Respecto a otros argumentos como el de La muchachita del mar, las acciones en La casa del escarabajo no alcanzan el peso argumental de las de aquel, donde se mostraban con un alto nivel de síntesis las pruebas que la protagonista debe superar. La complejidad de los obstáculos que el Sacer le impone a Ilu no encuentran equilibrio en sus desenlaces, como es el caso del juego, donde Plucio le revela a la niña en qué esfera se encuentra el alma del padre. Son agentes externos (escarabajo Plucio, Pájaro) los que despejan el camino para Ilu; tal exceso de buena fortuna en la protagonista la aleja del esquema funcional donde el héroe alcanza el éxito por sus propios actos. Aún es necesario despejar la fábula de acciones que si bien aportan al ritmo trepidante del espectáculo, ensombrecen a nivel argumental, como la aparición de Vanesa, madre de Ilu, solo para dar a conocer la poca atención que esta le dedica a la niña, cuando es algo que podemos inferir desde que se presenta el argumento.

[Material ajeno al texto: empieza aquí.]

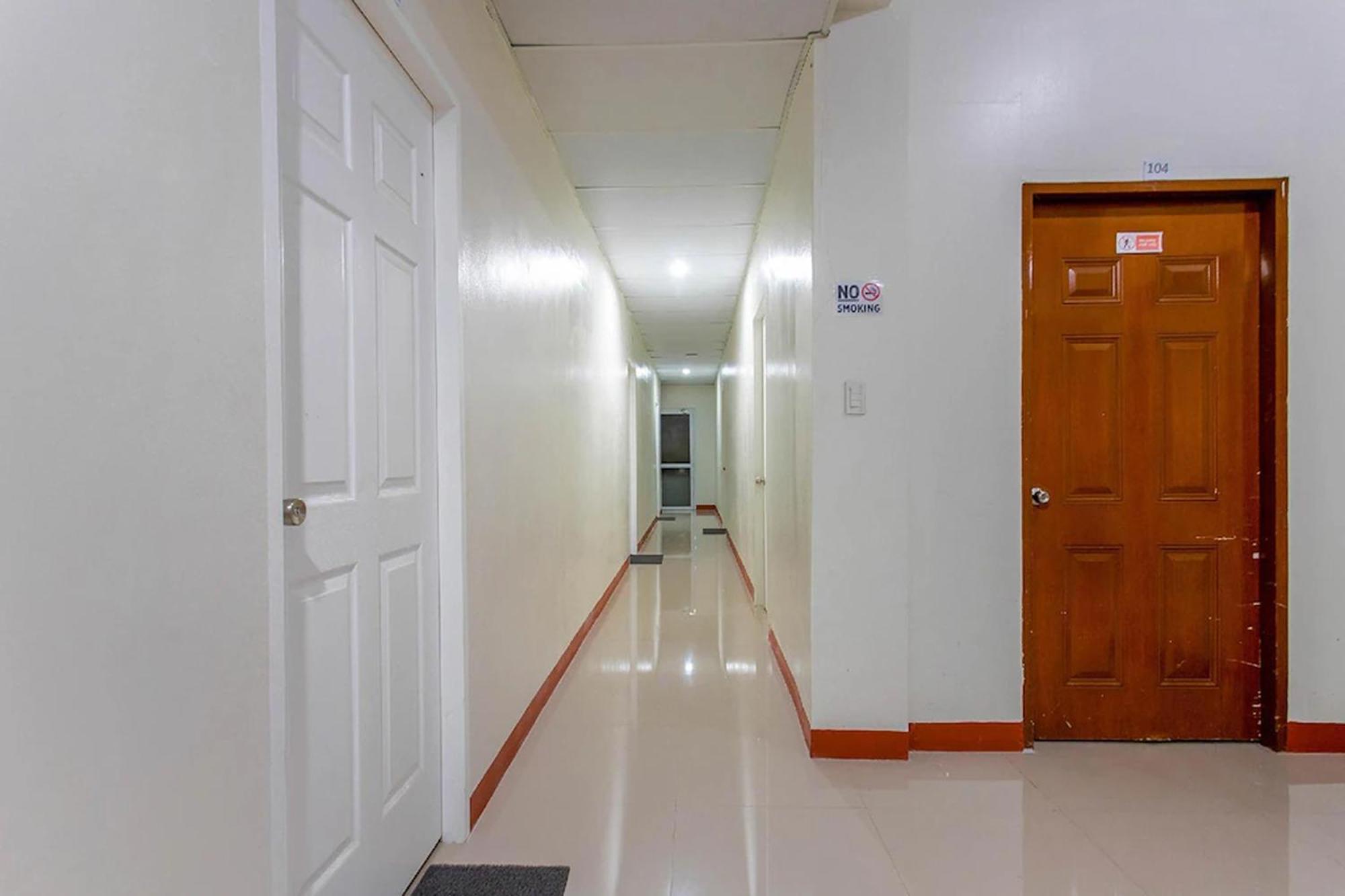 La Belladoza Near Airport Hotel Paranaque City Eksteriør billede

Afinado creador de muñecos, Christian Medina suple con astucia los instantes en que la fábula se dilata, haciendo de una sencilla persecución una danza acompasada de títeres. La fusión de técnicas como el guante, el marotte y el pelele de mesa enriquecen la visualidad al tiempo que aportan diferentes planos a las acciones, que transitan desde lo micro hasta lo macro. De una caja verde emergen los distintos espacios donde se desarrolla la historia: laboratorio, habitación de IIu, jardín, guarida del Sacer; mediante un vasto conocimiento del mecanismo se arman escenarios hechos a detalle y a diferentes escalas.

Si en una puesta en escena como La muchachita del mar, los objetos se transformaban de forma metafórica, un cubo de madera en un castillo o una cesta en un barco, en La casa del escarabajo hay una construcción más fidedigna de los espacios que recrea hasta el artículo más pequeño con total fidelidad. Dicha elección acompaña al argumento que toma como motivo la ciencia, y esta pudiera ser la razón por la cual todo objeto parece estar construido con precisión milimétrica. Al rodear a los títeres de un mundo objetual que los define: padre/laboratorio, Ilu/jardín, la caracterización de los mismos viene dada en gran parte desde la visualidad y no desde la palabra, aspecto propiamente titiritero.

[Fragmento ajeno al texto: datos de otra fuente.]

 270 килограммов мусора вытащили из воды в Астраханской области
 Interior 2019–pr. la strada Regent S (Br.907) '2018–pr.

Los mecanismos y figuras son accionados por Aylén Luna Suarez, Ángel Luis Montaner y Geydicary González Zamora, quienes logran armonía en un registro de interpretación que contempla el potencial del titiritero también como actor. Aunque la ambivalencia resulta una ganancia en momentos en que los actores enfatizan la carga dramática con una expresión y en otros donde el énfasis debería estar en el muñeco, nuestra atención se traslada hacia el cuerpo del actor. Los tres actores, aunque manejan con exactitud la partitura física de la obra y el despliegue de técnicas utilizadas, deben vencer la complejidad de la manipulación en esta puesta en escena que radica en transitar de la interpretación actoral a la anulación total en favor del títere.

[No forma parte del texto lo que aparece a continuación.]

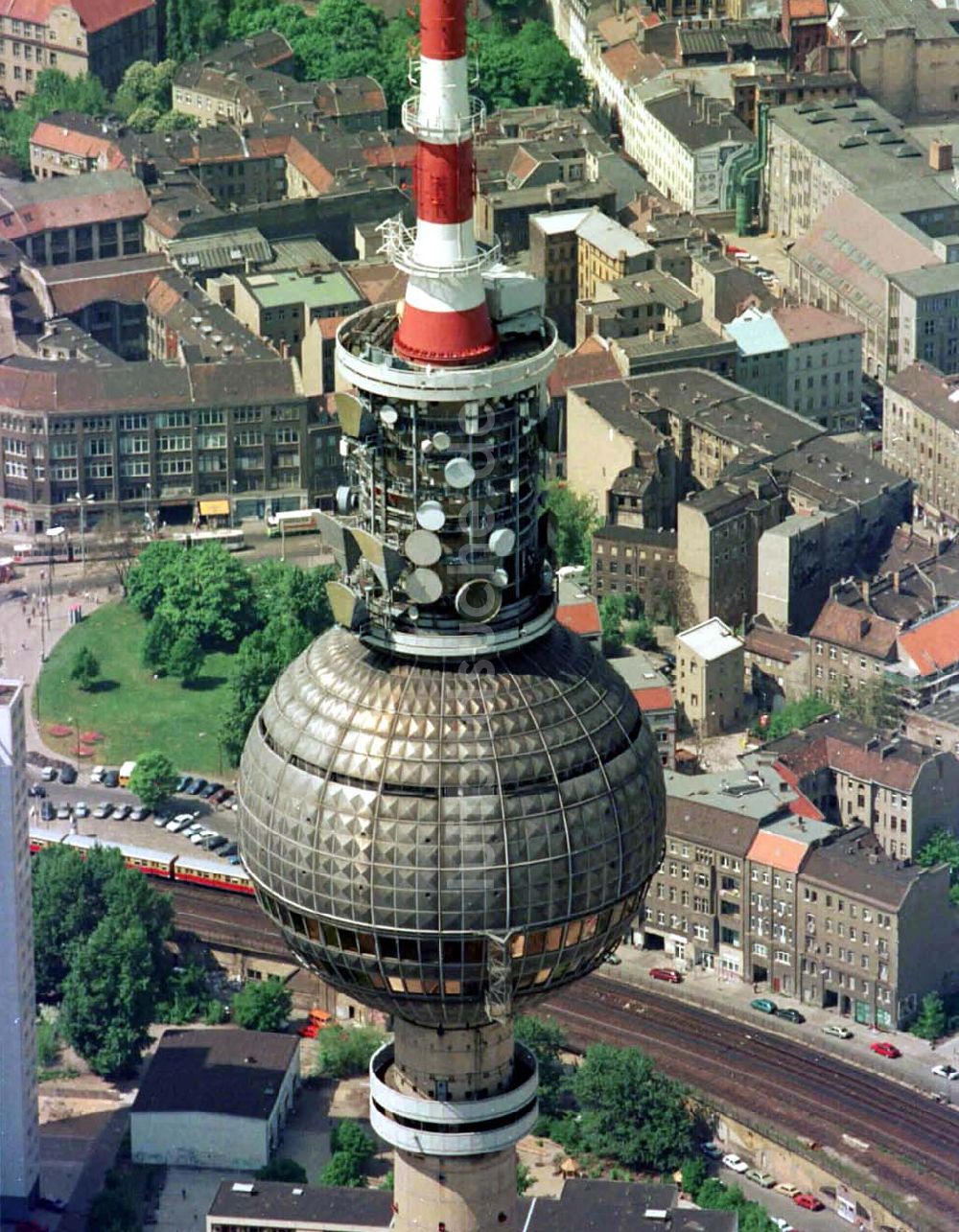 Berlin aus der Vogelperspektive: 23.06.94 Fernsehturm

La casa del escarabajo continúa una investigación para la escena que Christian Medina ha llevado a cabo mediante una praxis sostenida del ejercicio escénico, del que demuestra conocer sus claves. Sus piezas se ganan un lugar en el entorno del títere cubano en tanto apelan a explotar el potencial del niño como espectador poco prejuiciado por esquemas sociales y, por ende, con un diapasón de lecturas inagotable. Su poética no omite el divertimento; sin embargo, practica algo que parecía haberse ausentado casi por completo de la escena del títere: formar a un espectador desde edades tempranas con tal de que asista al teatro no solo como partícipe de juegos interactivos, sino para apreciar también desde la expectación, la artesanía y el artificio de un universo donde lo místico e irreal siempre tiene cabida.